Tribunal Administratif de Lyon — Décision N° TA69-2505839

jeudi 13 novembre 2025

JuridictionTribunal Administratif de Lyon
SectionTribunal Administratif de Lyon
N° DossierTA69-2505839
TypeDécision
RecoursExcès de pouvoir
PublicationC
Formation6ème chambre
Avocat requérantNAILI

Résumé IA

Le Tribunal Administratif de Lyon a rejeté la requête de M. C..., ressortissant algérien, qui contestait le refus de renouvellement de son titre de séjour étudiant, l'obligation de quitter le territoire français et les décisions subséquentes.

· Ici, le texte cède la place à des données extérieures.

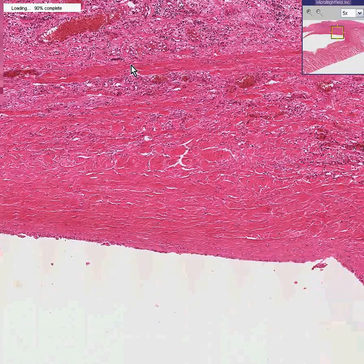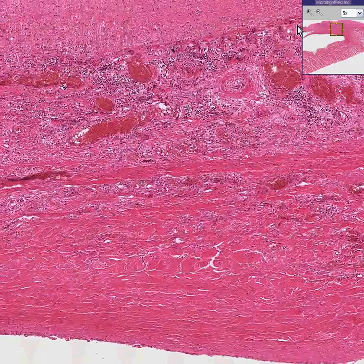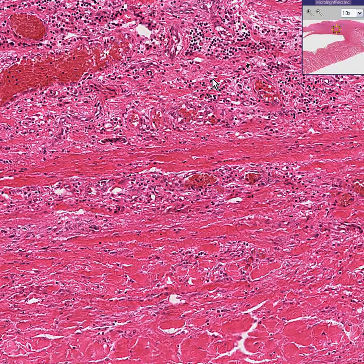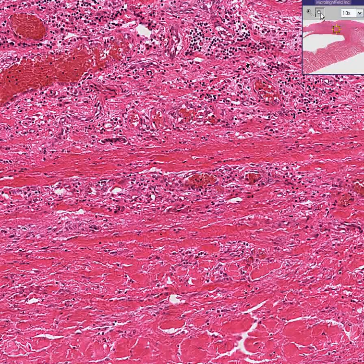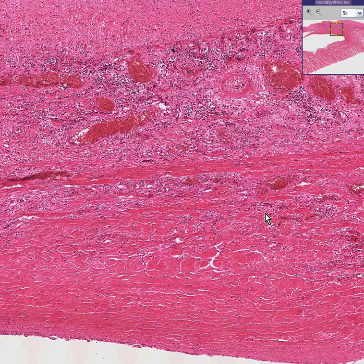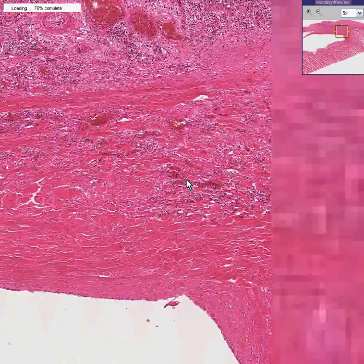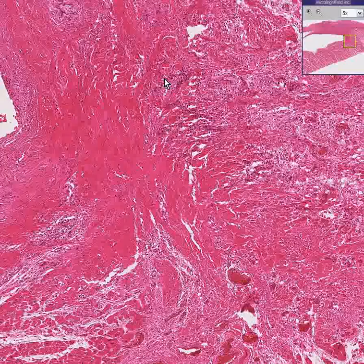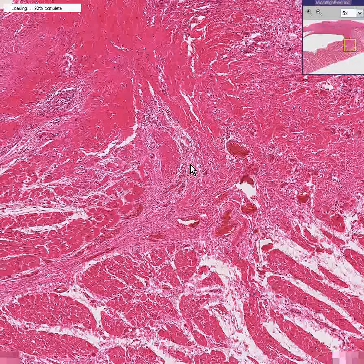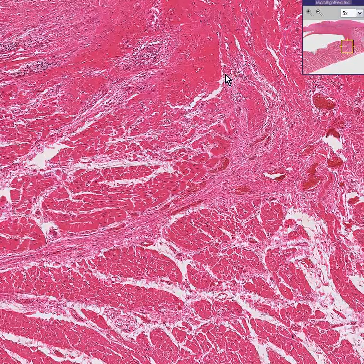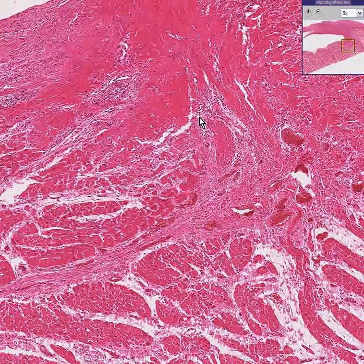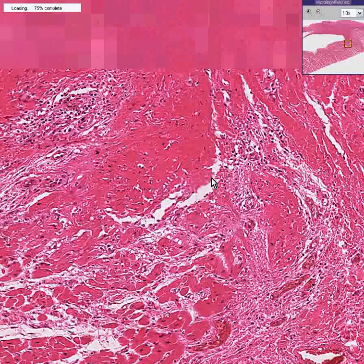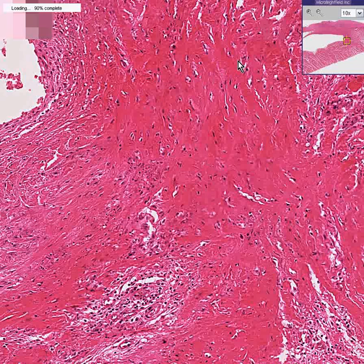This is a heart valve which has been damaged by rheumatic fever. In this case you could see that even though some of the myocardium out here may have some inflammatory changes very subtly, the area of greatest damage and inflammation is here in the endocardial portion, which is the valve.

La juridiction a estimé que la décision de refus était fondée sur l'absence de sérieux et de progression dans les études de l'intéressé, qui n'avait validé aucune année ni obtenu de diplôme après six ans de séjour, conformément aux stipulations du titre III de l'accord franco-algérien du 27 décembre 1968. Les moyens d'incompétence du signataire et d'illégalité des autres décisions ont été écartés.

Texte intégral

Vu la procédure suivante :

Par une requête, enregistrée le 8 mai 2025, M. D... C..., représenté par Me Naili, demande au tribunal :

1°) d’annuler les décisions du 11 octobre 2024 par lesquelles la préfète du Rhône a refusé de l’admettre au séjour, l’a obligé à quitter le territoire français dans un délai de trente jours et a désigné le pays à destination duquel il pourra être éloigné d’office ;
2°) d’enjoindre à la préfète du Rhône de lui délivrer, à titre principal, un certificat de résidence, ou, à titre subsidiaire, de procéder au réexamen de sa situation, et, dans l’attente, de lui délivrer une autorisation provisoire de séjour, sous astreinte de 100 euros par jour de retard ;
3°) de mettre à la charge de l’Etat le versement d’une somme de 2 000 euros à verser à son conseil en application des dispositions combinées de l’article 37 de la loi du 10 juillet 1991 et de l’article L. 761-1 du code de justice administrative.
Il soutient que :
S’agissant de la décision portant refus de titre de séjour :
elle est entachée d’incompétence de son auteur ;
elle est entachée d’une erreur de droit et d’une erreur d’appréciation au regard des stipulations de l’alinéa 1 du titre III de l’accord franco-algérien du 27 décembre 1968 ;
elle est entachée d’un défaut d’examen particulier de sa situation personnelle dès lors qu’il a le droit à un certificat de résidence de plein droit portant la mention « salarié » ;
elle est entachée d’une erreur manifeste d’appréciation ;


S’agissant de la décision portant obligation de quitter le territoire français :
elle est illégale du fait de l’illégalité de la décision portant refus de titre de séjour ;
elle est entachée d’incompétence de son auteur ;
elle méconnaît les stipulations de l’article 8 de la convention européenne de sauvegarde des droits de l’homme et des libertés fondamentales ;

S’agissant de la décision fixant le délai de départ volontaire à trente jours :
elle est illégale du fait de l’illégalité de la décision portant obligation de quitter le territoire français ;
elle est entachée d’incompétence de son auteur ;

S’agissant de la décision fixant le pays de destination :
elle est illégale du fait de l’illégalité de la décision portant obligation de quitter le territoire français ;
elle est entachée d’incompétence de son auteur.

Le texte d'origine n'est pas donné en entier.